▶ _SUPPLIED RECORDS_:

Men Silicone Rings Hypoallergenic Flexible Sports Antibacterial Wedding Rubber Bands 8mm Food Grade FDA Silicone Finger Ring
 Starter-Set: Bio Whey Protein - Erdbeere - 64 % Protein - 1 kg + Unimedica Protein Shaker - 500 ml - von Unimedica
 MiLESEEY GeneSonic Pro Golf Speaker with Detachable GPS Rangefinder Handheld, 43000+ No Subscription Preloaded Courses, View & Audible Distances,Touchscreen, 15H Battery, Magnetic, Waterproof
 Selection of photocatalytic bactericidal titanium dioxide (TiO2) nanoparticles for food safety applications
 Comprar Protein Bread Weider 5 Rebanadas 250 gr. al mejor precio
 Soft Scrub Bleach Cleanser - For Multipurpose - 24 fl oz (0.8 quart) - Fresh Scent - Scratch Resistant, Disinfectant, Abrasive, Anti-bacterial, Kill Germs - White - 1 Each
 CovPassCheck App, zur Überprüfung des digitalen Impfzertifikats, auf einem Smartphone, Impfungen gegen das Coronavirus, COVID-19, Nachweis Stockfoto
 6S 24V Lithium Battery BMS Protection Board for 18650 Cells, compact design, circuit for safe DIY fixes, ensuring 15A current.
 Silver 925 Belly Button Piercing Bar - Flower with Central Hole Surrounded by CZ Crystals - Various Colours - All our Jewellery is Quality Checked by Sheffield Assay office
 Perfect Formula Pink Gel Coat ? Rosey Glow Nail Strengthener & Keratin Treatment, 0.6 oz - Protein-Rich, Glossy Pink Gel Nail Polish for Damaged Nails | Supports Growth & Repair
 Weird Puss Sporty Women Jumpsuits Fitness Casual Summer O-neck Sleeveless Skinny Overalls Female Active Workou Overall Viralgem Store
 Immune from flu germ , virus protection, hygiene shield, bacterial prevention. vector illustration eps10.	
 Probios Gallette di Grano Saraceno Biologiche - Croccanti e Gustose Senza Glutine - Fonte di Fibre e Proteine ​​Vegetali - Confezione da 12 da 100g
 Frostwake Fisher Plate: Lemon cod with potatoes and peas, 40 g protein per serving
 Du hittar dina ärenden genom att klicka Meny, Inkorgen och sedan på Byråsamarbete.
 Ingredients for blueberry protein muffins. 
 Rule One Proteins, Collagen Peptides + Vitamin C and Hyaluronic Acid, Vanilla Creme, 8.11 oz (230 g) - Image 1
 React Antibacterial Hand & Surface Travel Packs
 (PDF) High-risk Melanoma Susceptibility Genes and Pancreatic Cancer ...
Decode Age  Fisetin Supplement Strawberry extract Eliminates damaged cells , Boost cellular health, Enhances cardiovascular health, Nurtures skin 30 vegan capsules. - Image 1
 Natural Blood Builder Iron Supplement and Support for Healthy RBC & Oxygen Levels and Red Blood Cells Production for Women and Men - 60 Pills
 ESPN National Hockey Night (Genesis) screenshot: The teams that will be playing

▶ _DIRECTIONS FOR THIS TASK_:
Across the records above, count each line that holds the word "with" and give only the resulting number.

▶ _WRITTEN RESPONSE_:
3